Short text fragments from websites
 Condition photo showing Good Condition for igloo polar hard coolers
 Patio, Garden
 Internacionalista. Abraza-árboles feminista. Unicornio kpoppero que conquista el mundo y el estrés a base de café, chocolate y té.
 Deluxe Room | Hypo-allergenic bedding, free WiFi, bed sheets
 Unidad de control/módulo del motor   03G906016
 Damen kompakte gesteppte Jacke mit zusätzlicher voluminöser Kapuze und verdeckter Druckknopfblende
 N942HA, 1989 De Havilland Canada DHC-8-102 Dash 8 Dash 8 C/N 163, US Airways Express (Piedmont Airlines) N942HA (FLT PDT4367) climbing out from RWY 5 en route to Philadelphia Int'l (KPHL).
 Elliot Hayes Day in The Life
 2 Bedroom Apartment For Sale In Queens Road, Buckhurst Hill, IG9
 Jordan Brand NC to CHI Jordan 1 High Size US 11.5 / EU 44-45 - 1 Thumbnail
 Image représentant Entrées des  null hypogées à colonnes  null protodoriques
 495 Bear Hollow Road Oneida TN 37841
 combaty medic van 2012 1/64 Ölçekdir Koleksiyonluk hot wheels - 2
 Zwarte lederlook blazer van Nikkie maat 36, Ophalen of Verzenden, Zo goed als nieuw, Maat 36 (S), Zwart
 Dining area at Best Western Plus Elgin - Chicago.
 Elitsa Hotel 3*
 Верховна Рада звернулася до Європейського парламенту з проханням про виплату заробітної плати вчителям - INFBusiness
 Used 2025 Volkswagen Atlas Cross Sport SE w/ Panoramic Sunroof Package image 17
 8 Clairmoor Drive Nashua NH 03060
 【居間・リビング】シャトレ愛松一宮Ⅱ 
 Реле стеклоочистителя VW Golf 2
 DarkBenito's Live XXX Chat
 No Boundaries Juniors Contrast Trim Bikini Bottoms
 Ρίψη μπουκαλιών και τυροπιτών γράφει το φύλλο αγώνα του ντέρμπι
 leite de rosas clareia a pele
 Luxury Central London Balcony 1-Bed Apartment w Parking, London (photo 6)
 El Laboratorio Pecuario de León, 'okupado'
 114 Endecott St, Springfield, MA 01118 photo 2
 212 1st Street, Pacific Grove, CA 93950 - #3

TASK OBJECTIVE
From the line that contains "Unidad de control/módulo" through the end of the records above, print every line exactly and nothing else.

ANSWER TO THE EXERCISE
 Unidad de control/módulo del motor   03G906016
 Damen kompakte gesteppte Jacke mit zusätzlicher voluminöser Kapuze und verdeckter Druckknopfblende
 N942HA, 1989 De Havilland Canada DHC-8-102 Dash 8 Dash 8 C/N 163, US Airways Express (Piedmont Airlines) N942HA (FLT PDT4367) climbing out from RWY 5 en route to Philadelphia Int'l (KPHL).
 Elliot Hayes Day in The Life
 2 Bedroom Apartment For Sale In Queens Road, Buckhurst Hill, IG9
 Jordan Brand NC to CHI Jordan 1 High Size US 11.5 / EU 44-45 - 1 Thumbnail
 Image représentant Entrées des  null hypogées à colonnes  null protodoriques
 495 Bear Hollow Road Oneida TN 37841
 combaty medic van 2012 1/64 Ölçekdir Koleksiyonluk hot wheels - 2
 Zwarte lederlook blazer van Nikkie maat 36, Ophalen of Verzenden, Zo goed als nieuw, Maat 36 (S), Zwart
 Dining area at Best Western Plus Elgin - Chicago.
 Elitsa Hotel 3*
 Верховна Рада звернулася до Європейського парламенту з проханням про виплату заробітної плати вчителям - INFBusiness
 Used 2025 Volkswagen Atlas Cross Sport SE w/ Panoramic Sunroof Package image 17
 8 Clairmoor Drive Nashua NH 03060
 【居間・リビング】シャトレ愛松一宮Ⅱ 
 Реле стеклоочистителя VW Golf 2
 DarkBenito's Live XXX Chat
 No Boundaries Juniors Contrast Trim Bikini Bottoms
 Ρίψη μπουκαλιών και τυροπιτών γράφει το φύλλο αγώνα του ντέρμπι
 leite de rosas clareia a pele
 Luxury Central London Balcony 1-Bed Apartment w Parking, London (photo 6)
 El Laboratorio Pecuario de León, 'okupado'
 114 Endecott St, Springfield, MA 01118 photo 2
 212 1st Street, Pacific Grove, CA 93950 - #3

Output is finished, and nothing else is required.